While the insanity defense is a legal doctrine, at its heart it is the expression of a moral principle found in societies across time and multiple cultures: individuals should not be punished for their otherwise criminal acts if they lack certain characteristics that relate to the ability to engage in rational thinking, including an appreciation of the wrongfulness and consequences of their actions, or control their behavior. Take, for example, children. A five year old who sets fire to the drapes because the flames are pretty, will not be charged with arson when the house burns down. The same is true for people with severe developmental disabilities. What about people who cause harm to others or commit crimes while sleepwalking? Yes, those cases exist, and the defendants are generally not held criminally responsible.

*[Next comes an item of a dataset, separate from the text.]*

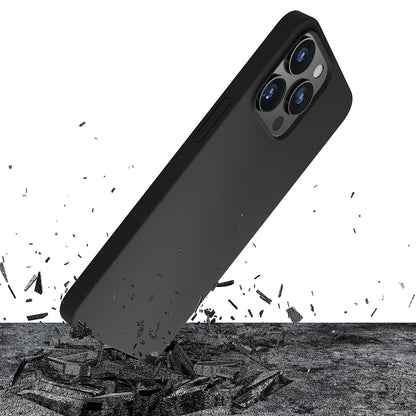 Hoesje voor Apple iPhone 17 Air, 3MK, Siliconen, Zwart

 The legal requirements for the insanity defense have varied over the centuries and societies in which it has existed. Here in the United States, public outrage in response to successful insanity defenses in high profile cases has often led to changes that limit the availability of the defense and its likelihood of success. For example, in the early 1980’s, the standard for the insanity defense in federal criminal cases was the American Law Institute/Model Penal Code standard. It provides for acquittal on the basis of insanity if as the result of a mental disease or defect, the defendant lacked substantial capacity to appreciate the wrongfulness of his actions or lacked substantial capacity to conform his behavior to the requirements of the law. This was considered to be more lenient than the standard that had been used until then. But, after John Hinckley was found not guilty by reason of insanity for his failed assassination attempt on President Ronald Reagan, the federal standard was changed to a stricter version that limits the defense to those with severe mental illness and those who are unable to appreciate the wrongfulness of their conduct. Thus, the new federal standard eliminated the volitional component and left only the cognitive component. Many states have followed suit and some have eliminated the insanity defense altogether.

Regardless of the precise legal standard, the insanity defense is rarely raised and even more rarely successful. It is used in only about 1% of cases in the U.S., and is successful less than 25% of the time.

What Qualifies as a “Mental Disease or Defect” for the Insanity Defense?
While any mental or medical condition could theoretically serve as a basis for an insanity defense, the law limits the conditions that can be considered for that purpose. These restrictions are aimed at insuring that only those who truly deserve to be relieved of responsibility are eligible for it. To that end, voluntary intoxication is excluded, as are conditions that have antisocial behaviors as their primary characteristic, e.g. kleptomania, pyromania, and pedophilia and appear to have no physiological basis. Some legal standards require that the mental illness serving as the basis for the defense be “severe.”

Not every condition that qualifies to be the basis for an insanity defense has an equal chance of succeeding in achieving an acquittal. Those that succeed tend to be marked by either severity or evidence that they arise from a physiological, as opposed to a purely psychological, disorder. These are, for example, mental illnesses that severely affect a person’s perception of reality or, in some jurisdictions, ability to control their behavior. They include psychoses, severe depression, mania, or anxiety disorders like posttraumatic stress disorder (PTSD). An argument that an act of violence was the result of a traumatic brain injury causing irritability and poor impulse control is more likely to be convincing than the assertion that the violence arose from personality disturbance.